For children who understand this love language, physical touch will communicate love more deeply than saying the words “I love you,” giving a present, fixing a bicycle, or spending time with them. Of course, they receive love in all the languages, but for them, the one with the clearest and loudest voice is physical touch. Without hugs, kisses, pats on the back, and other physical expressions of love, their love tanks will remain less than full.
• Give lots of hugs and kisses.
• Play games that involve a lot of touching like twister or this little piggy.
• Make up a secret handshake.
• Snuggle together to read a book.
• Simply pat your child on the back or hold hands when you walk.
In a culture where we often prefer to show our love rather than say it, words can be all the more powerful. We seem to only say “I love you” on special occasions, but for children who prefer this love language, even words that are quickly said will not be soon forgotten. A child reaps the benefits of affirming words for a lifetime.
• Say “I love you” at least once a day.
• Say “I love watching you…(play, draw, sing, etc.).”
• Give your child a pet name or term of endearment.
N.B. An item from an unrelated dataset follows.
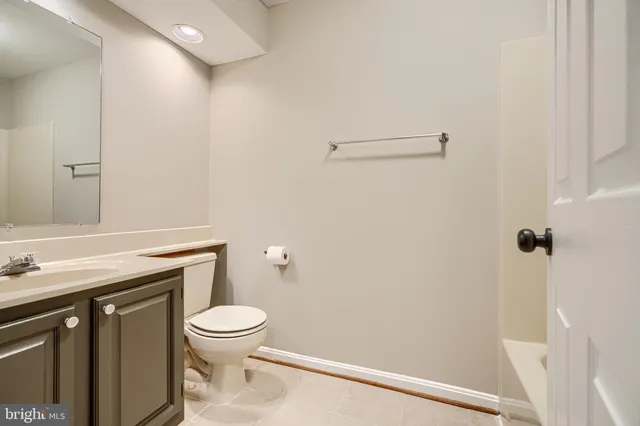 a bathroom with a toilet a sink and a window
• Write little love notes for them to find in their lunch box or around the house.
• Acknowledge and praise their efforts.
Quality time is focused, undivided attention. Quality time is the gift of your presence. It doesn’t matter what you do, so long as you’re there, being together. This is my daughter’s love language. To her, I’m the most important person in the world, at least right now, so she needs to feel the same from me.
• Put your phone away.
• Listen to your child’s stories and feelings.
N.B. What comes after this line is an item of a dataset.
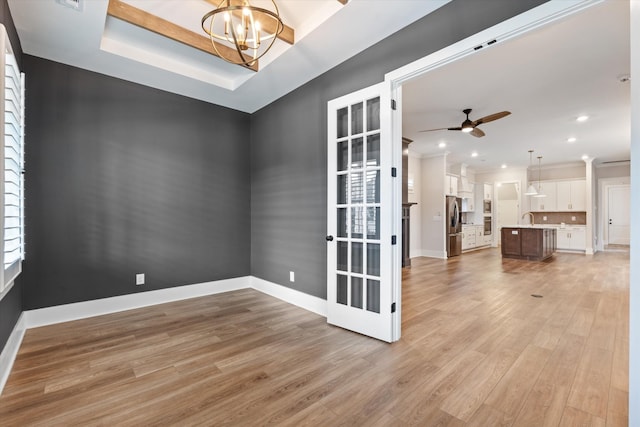 2620 Buckner Ln, Thompsons Station, TN 37179 - unfurnished room featuring light wood-style flooring, ceiling fan, a chandelier, recessed lighting, and ornamental molding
• Bring your child along to run errands.
• Do fun activities like drawing, dancing, or playing together.
• Go on adventures in different places like the park, the library, the mall, etc.
You might be inclined to think that all children love gifts, judging from the way they beg for things. While it is true that all children–and adults–respond positively to accepting presents, those whose love language this is will have a deeper appreciation for what you give. Remember, for them, this is love’s loudest voice. They see the gift as an extension of you and your love, it doesn’t even matter how big or small of a thing it is.
• Choose gifts that are meaningful to your child. It could be a small, inexpensive token, but give something frequently.
• Make a collection of special wrapping paper or ribbons and boxes.
• Gift your child with a special song–either one you created or just one that will be “your song.”
• Create a scrapbook and fill it with your photos together.
• Buy something with their name on it or something that fits their personality, like a shirt or a mug.
Those who speak this love language would ask you to fix a bike or mend a doll’s dress, but they don’t merely want to get a task done–this is your child’s cry for love. If your child’s primary love language is acts of service, this does not mean that you must jump at every request, but each request does call for a thoughtful, loving response.
• Make your child his or her favorite meal.
• Organize his or her drawers for him or her.
• Surprise your child by finishing a chore he or she usually does.
• Check out library books you know they would like.
• Help your child do his or her homework.